Normally, I don't read arguments against something until I've read the material myself. Then, I'll better understand arguments for and against a hypothesis.
There's a lot that is still unknown, and any attempts to understand what is unknown are interesting. Even hypotheses that are shown to be incorrect are valuable, if only because they encourage further thinking and study.
Somehow, some people seem to think I'm promoting Tegmark's ideas. I'm not. I'm promoting ideas in general. Until I have a chance to read what he wrote, I can't really form an opinion. But, I still have many questions, as to pretty much all cosmologists. I'm not a cosmologist. I'm just interested in cosmology.
struggle4progress
(118,274 posts)Posted on January 17, 2014 by woit
Tegmarks career is a rather unusual story, mixing reputable science with an increasingly strong taste for grandiose nonsense. In this book he indulges his inner crank, describing in detail an utterly empty vision of the ultimate nature of reality ...
The book explains Tegmarks categorization of multiverse scenarios in terms of Level ...
Tegmarks innovation is to postulate a new .. Level IV multiverse. With the string landscape, you explain any observed physical law as a random solution of the equations of M-theory ... Tegmarks idea is to take the same non-explanation explanation, and apply it to explain the equations of M-theory. According to him, all mathematical structures exist, and the equations of M-theory or whatever else governs Level II are just some random mathematical structure, complicated enough to provide something for us to live in. Yes, this really is as spectacularly empty an idea as it seems ...

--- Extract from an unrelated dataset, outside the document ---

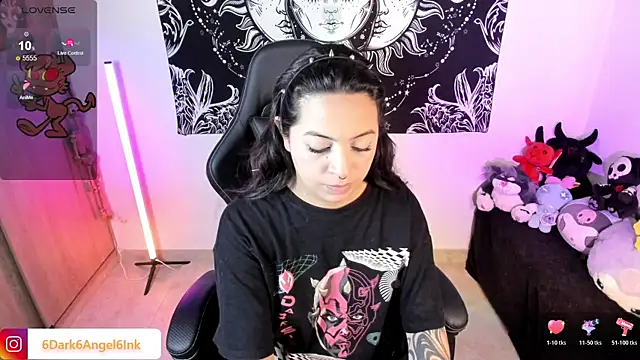 soy lui  online show from June 12, 10:52 pm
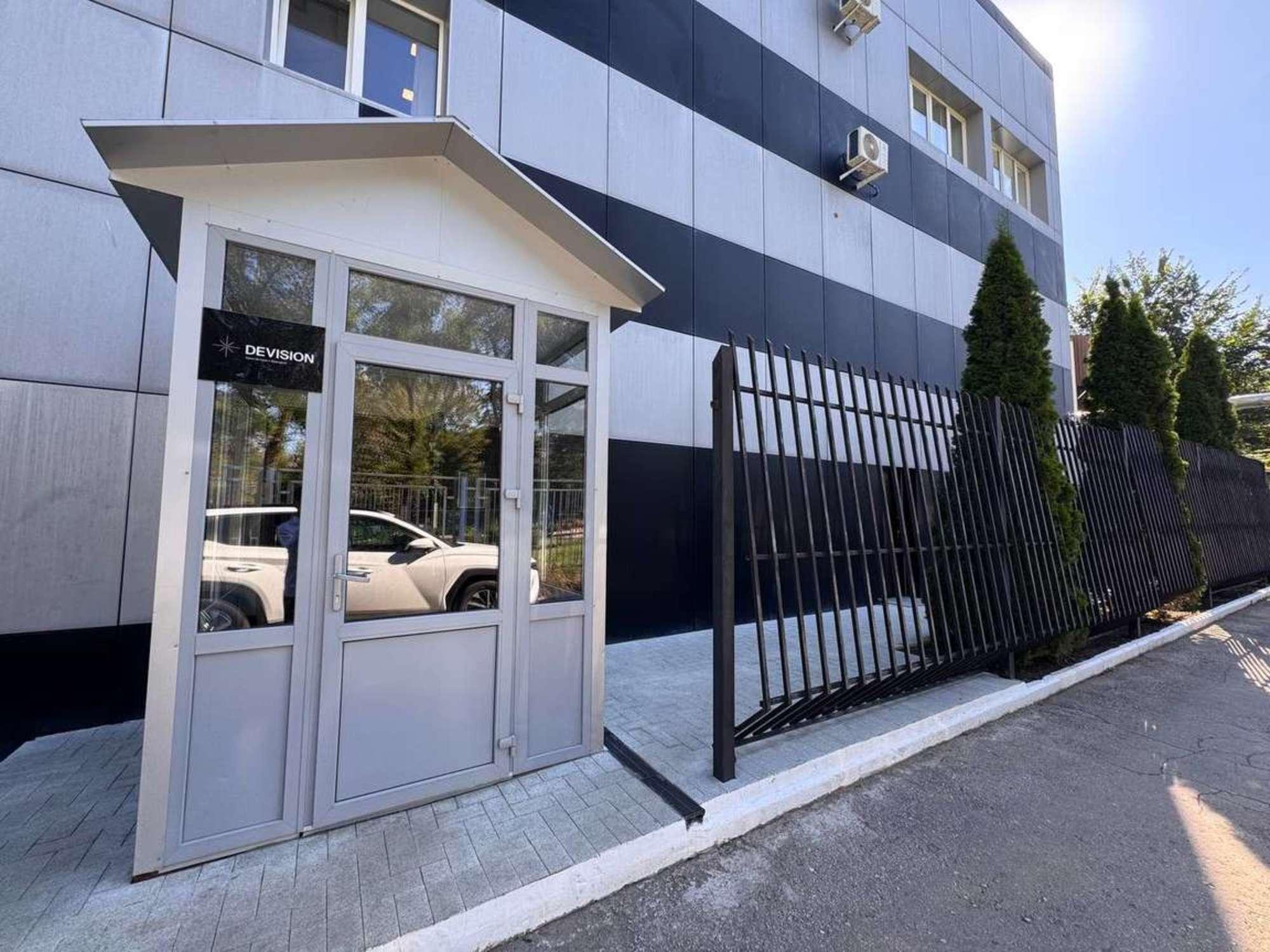 Сдать офис, помещение под офис за 280 000 рублей на Гагарина улица, 1а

On page 354 there is a paragraph explaining not a Level IV prediction, but the possibility of a Level IV prediction. The idea seems to be that if your Level II theory turns out to have the right properties, you might be able to claim that what you see is not just fine-tuned in the parameters of the Level II theory, but also fine-tuned in the space of all mathematical structures. I think an accurate way of characterizing this is that Tegmark is assuming something that has no reason to be true, then invoking something nonsensical (a measure on the space of all mathematical structures) ...
http://www.math.columbia.edu/~woit/wordpress/?p=6551
Bretton Garcia
(970 posts)Plato seemed to hint that our lives are controlled,generated by, invisible master models, templates, "forms." At times he seemed to hint they were mathematical rules. Maybe geometry. He might have suggested those ideal forms existed up in heaven.
But somehow, so far, being a great mathematician, doesn't also mean you know how to fix your lawnmower. The gap between math and what we see around us is still too great.
MineralMan
(146,285 posts)of the sciences is merely interesting, but likely to need refinement.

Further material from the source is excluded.